En Guinée, il y a cinquante ans, dans la nuit du 17 au 18 octobre 1971, sous le régime de Sékou Touré, 71 personnes détenues furent exécutées sans procès. Des exécutions sommaires nocturnes dans un contexte de répression. L'année 71 fut celle d'une véritable chasse aux sorcières menée contre ceux que Sékou Touré percevait comme des « ennemis de l'intérieur », la « cinquième colonne ». Des ministres et des hauts cadres furent tués cette nuit-là, tant à Conakry qu’un peu partout à l’intérieur du pays, notamment à Kindia et à Kankan, deux villes garnisons à l’ouest et à l’est du pays. Leurs corps n'ont jamais été identifiés.

Majoritairement vêtus de t-shirts rouges, synonymes de sang versé, les victimes et enfants des victimes ont commémoré les 50 ans de ces exécutions sommaires. De l’émotion, de la tristesse et des larmes... Les anciens pensionnaires du camp Boiro et les héritiers des victimes des années de plomb se sont retrouvés hier dans l’enceinte de ce tristement célèbre centre de détention. Dame Diariou Néné Kassé a fait partie des personnes arrêtées. « J’ai été arrêtée en 1971. Malheureusement, pendant mon arrestation, j’étais enceinte, j’ai accouché en détention le 3 février 1972. Je suis restée pendant six ans et demi en prison. Jusqu’à aujourd’hui on cherche à être réhabilité, mais, malheureusement ça n’arrive toujours pas. »

Revendications

Dans une déclaration sur les lieux où ont été perpétrés les crimes, le président de l’association des victimes du camp Boiro, Abdoulaye Conté, a remercié les nouvelles autorités guinéennes. Selon lui, elles ont facilité cette cérémonie qui leur avait été interdite ces deux dernières années. Le Premier ministre guinéen Mohamed Béavogui représentait le chef de l’État, le colonel Mamadi Doumbouya. Le ministre secrétaire général de la présidence ainsi que le directeur de cabinet du président étaient également présents.

« Nous venons partager avec vous tous ce difficile moment qui est un moment à valoriser. Le plus important, c’est qu’on veut une Guinée nouvelle et cette Guinée nouvelle sera basée sur une seule chose, la réconciliation. La Guinée se fera avec tous les Guinéens ou elle ne se fera pas », a déclaré Mohamed Béavogui.

Pour Fodé Marega, porte-parole de l'association des victimes du camp Boiro, ces présences des autorités sont un geste fort.

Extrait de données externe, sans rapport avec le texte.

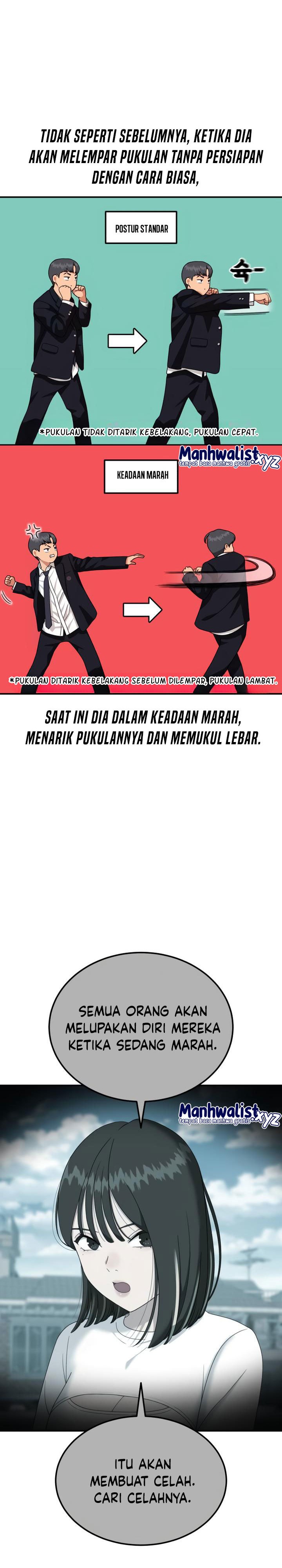 Top 1 Fighting Tutoring Chapter 28 Gambar 35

"C'est une journée formidable, une journée qui marque un départ parce que c'est la première fois que nous avons la visite des officiels de ce pays depuis la création [de l'association] en 1985. Là, c'est le Premier ministre qui s'est déplacé, représentant le chef de l'État. Il a répété qu'il fallait assumer notre passé [...] Ca représente vraiment une avancée notable dans le règlement de notre combat. Donc c'est le soulagement aujourd'hui, il était extrêmement important qu'ils viennent marquer le changement politique dans ce pays"

Abdoulaye Conté a formulé une série de revendications remises au Premier ministre : « La réhabilitation des différents camps de tortures, la sécurisation des charniers à travers le pays où son ensevelis nos parents, ainsi que la construction de sépultures dignes permettant aux familles de s’y recueillir, la restitution des biens saisis par le régime de Sékou Touré. » 

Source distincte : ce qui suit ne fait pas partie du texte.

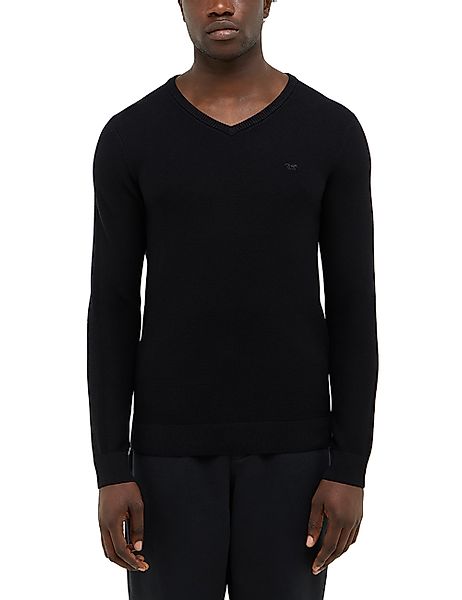 MUSTANG Sweater "Herren Style Elko" günstig online kaufen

Selon Kabinet Fofana, analyste politique, CNRD veut donner une impulsion à la reconnaissance des victimes.

"Y aller, c'est d'abord cette première reconnaissance [de l'État]. Deuxièmement, c'est réconforter tous ceux qui pleurent depuis ces années. Et puis c'est une manière aussi politique d'un début de volonté de faire la lumière sur ce point historique assez douloureux de notre histoire [...] Je ne pourrai pas dire qu'il y a une volonté d'épargner Sékou Touré, mais plutôt une prudence de ne pas réveiller le dossier parce que cela pourrait effriter aussi bien le tissu social mais aussi les élans politiques de tous ceux qui sont venus après Sékou [...] Alpha Condé a dit qu'il reprenait la Guinée là où Sékou Touré l'avait laissée ce qui faisait entendre qu'Alpha avait donc mis trait sur ces exactions-là et que cela n'en constituerait pas une priorité pour lui et cela a été le cas pendant tout son mandat, il n'y a pas eu de procès, encore moins de discours de reconnaissance, de serait-ce que d'endossement du point de vue de la continuité de l'État."